Task prompt =>
From the line containing "Tense Logic |" through the last line of the data, both ends included, write out every line exactly; omit the pictures.

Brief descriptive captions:
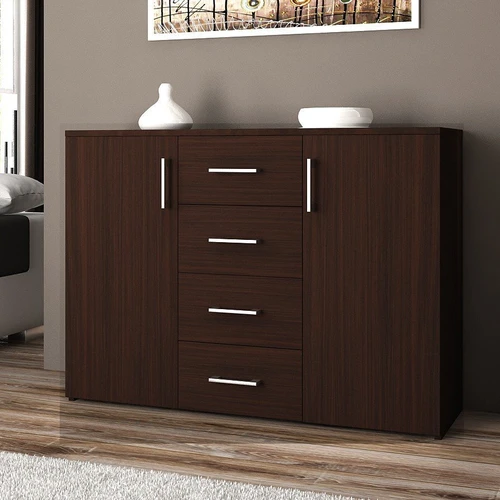 Stilinga komoda su metaliniais ritinėliais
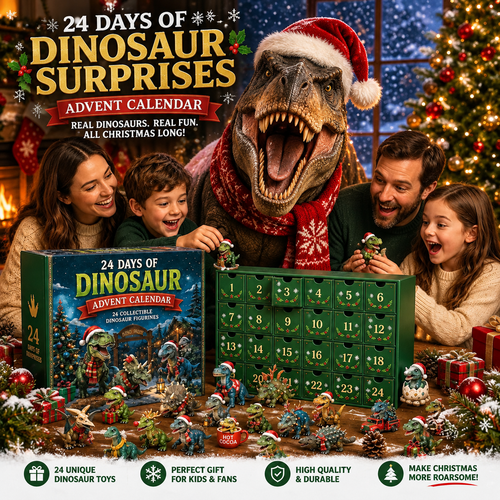 🦖 24 Days of Dinosaur Christmas Advent Calendar – 24 Collectible Dino Figurines & Holiday Surprises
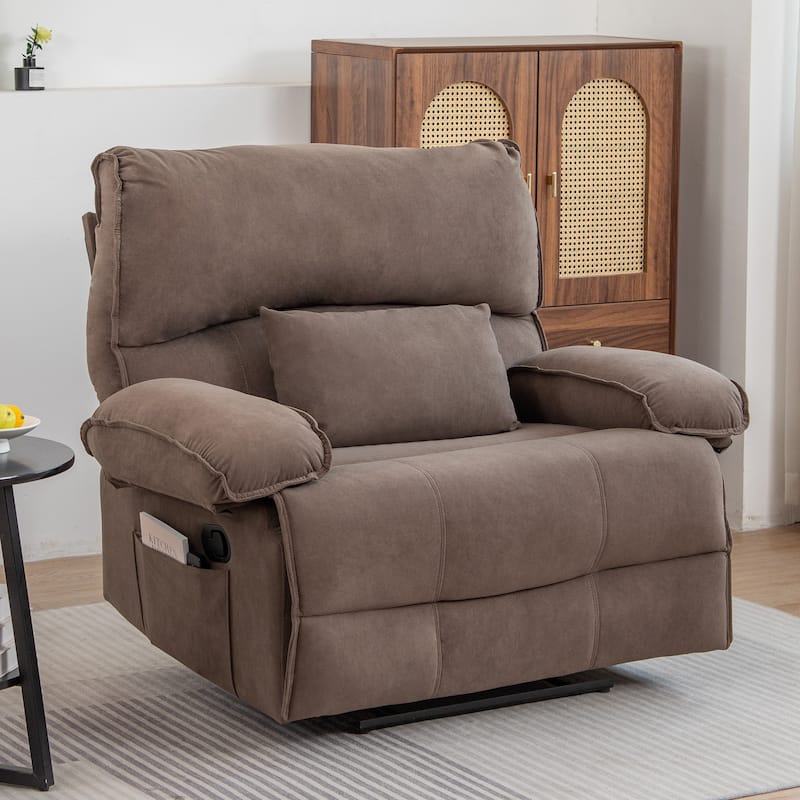 Grey Extra-Wide Push-Back Recliner with Heated Massage Pillow, Soft Fleece Fabric Upholstery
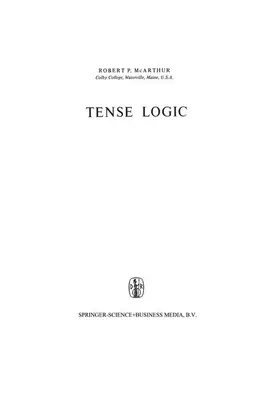 McArthur |  Tense Logic | Buch |  Sack Fachmedien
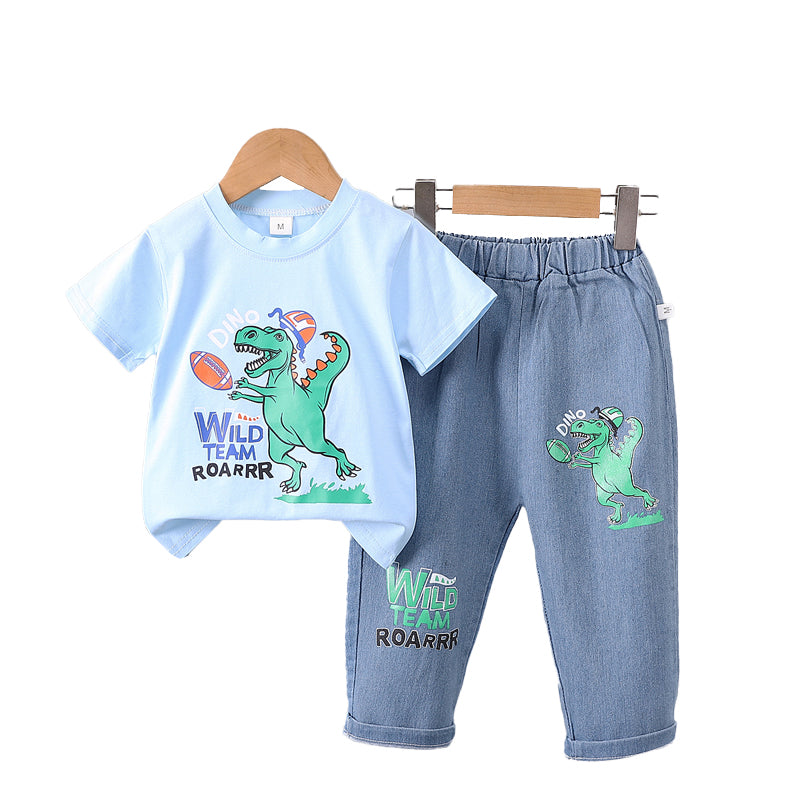 Boys Printed Round Neck T-shirt With Trousers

Response for this exercise =>
 McArthur |  Tense Logic | Buch |  Sack Fachmedien
 Boys Printed Round Neck T-shirt With Trousers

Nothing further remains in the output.